Task directions. Set down, please, the line that contains "Płyta główna Biostar" and every line that follows it to the end of the records, exactly; do not include pictures.

__________________________________________________

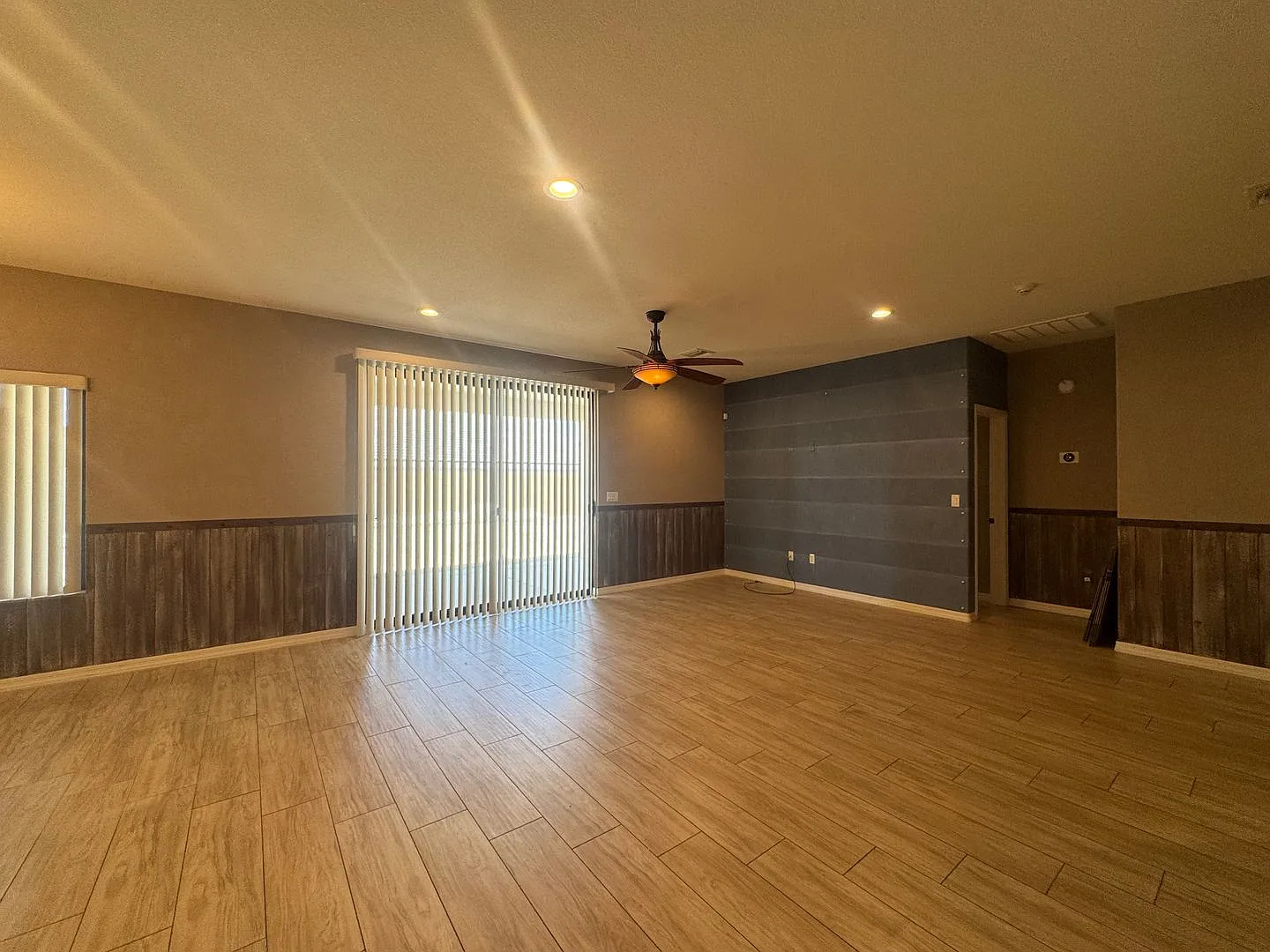 3-Bedroom Home with 50' RV Garage in Fort Mohave — Photo 3
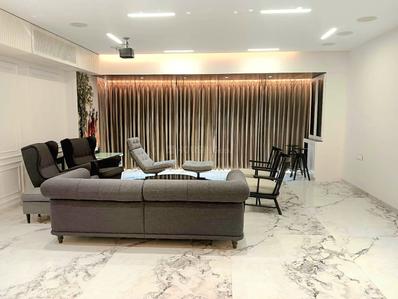 Hall Image of 3500 Sq.ft 5 BHK Apartment / Flat for sale in JP Road Project, Andheri West Mumbai for Rs. 170000000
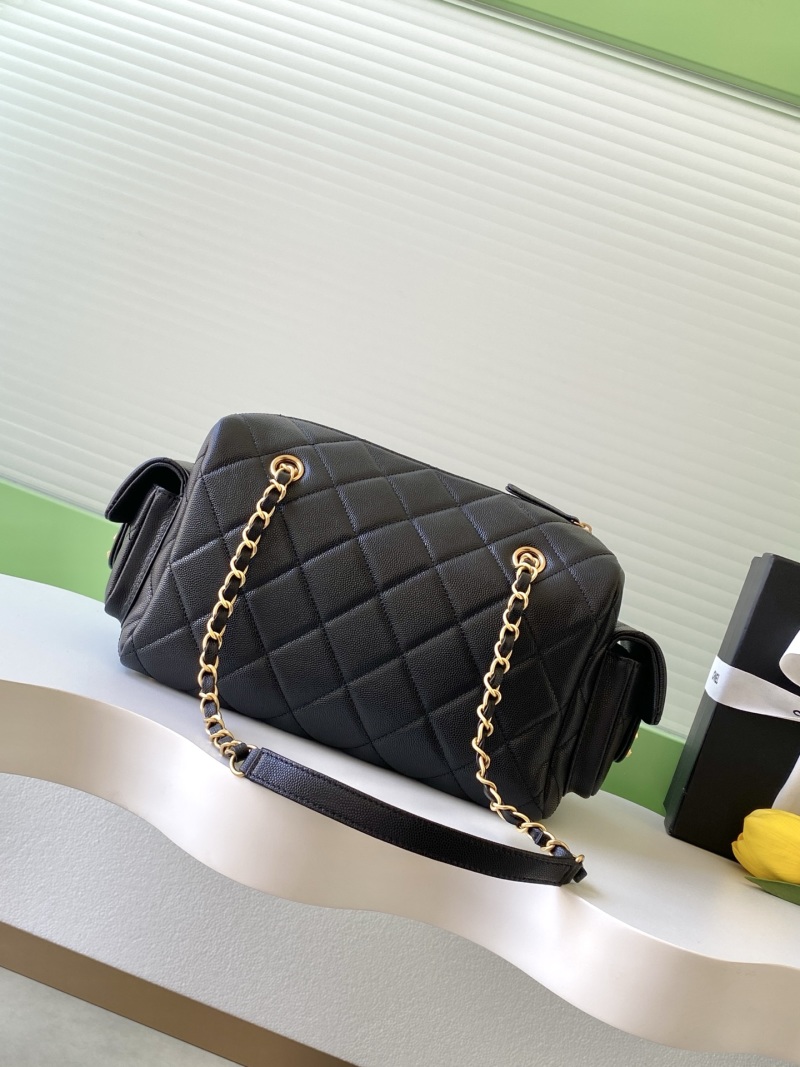 Черная сумка с цепочкой и золотистым замком Chanel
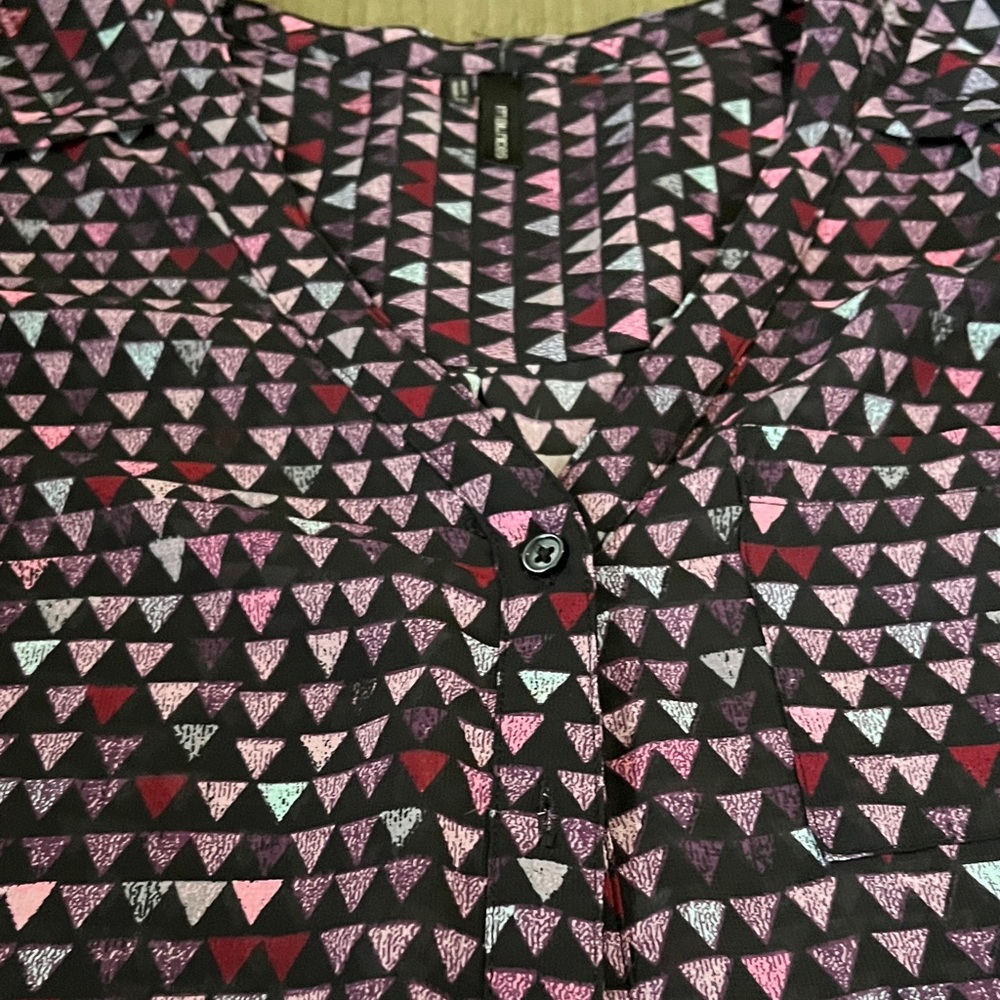 Women's Geometric Patterned Top - Picture 2 of 4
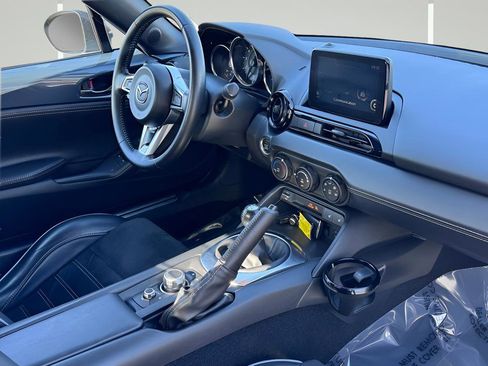 Used 2020 MAZDA MX-5 Miata RF Club w/ Brembo/BBS Recaro Package image 8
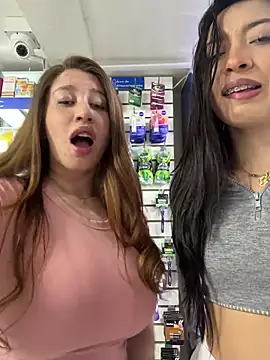 Snapshot of roouse chatting on 09-15-25, 06:13 roouse online show from 09-15-25, 06:13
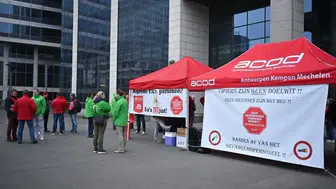 Belçika'da cezaevi çalışanları, güvenlik sorunlarına dikkat çekmek için grevde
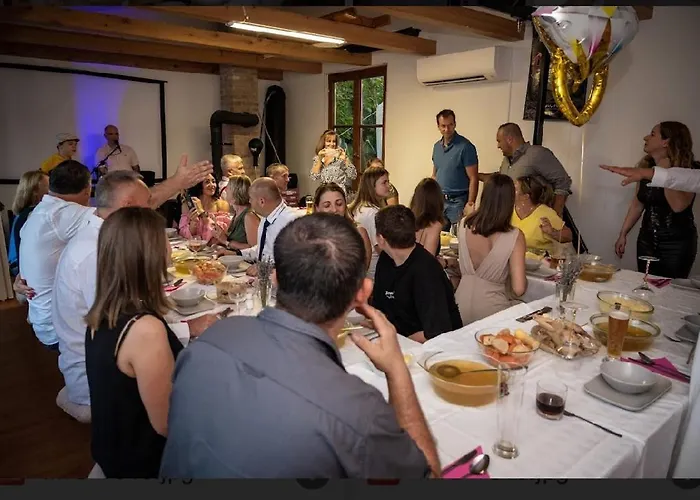 Wow! - Wood & Wellness Apartmanhazak Hodoshat דירה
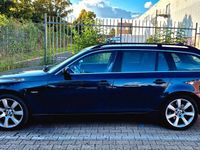Gebraucht BMW 525 218 PS (160 kW) 2006 Blau Kombi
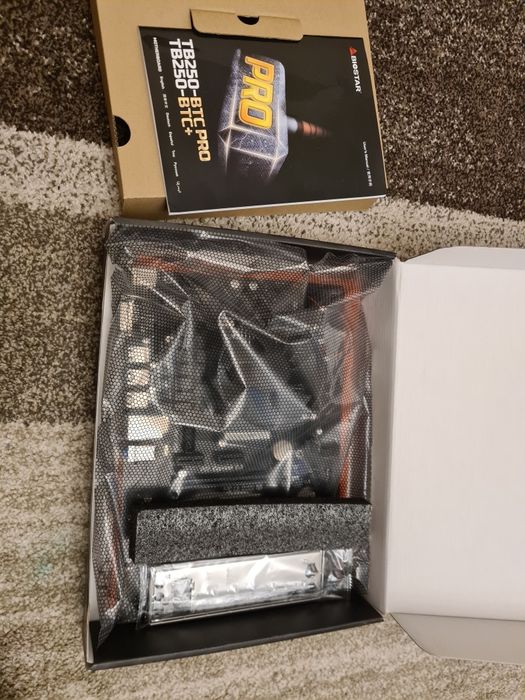 Płyta główna Biostar TB250-BTC PRO i procesor Intel Celeron G3930
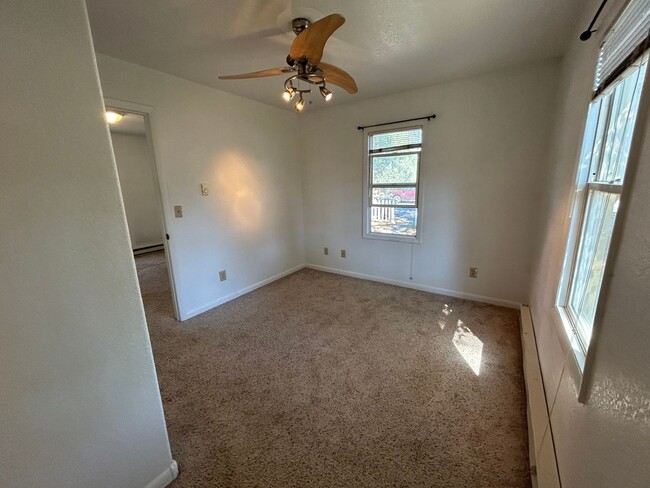 Building Photo - Cozy 2 Bedroom 1 Bath w/ all amenities and...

__________________________________________________

Answer.
 Płyta główna Biostar TB250-BTC PRO i procesor Intel Celeron G3930
 Building Photo - Cozy 2 Bedroom 1 Bath w/ all amenities and...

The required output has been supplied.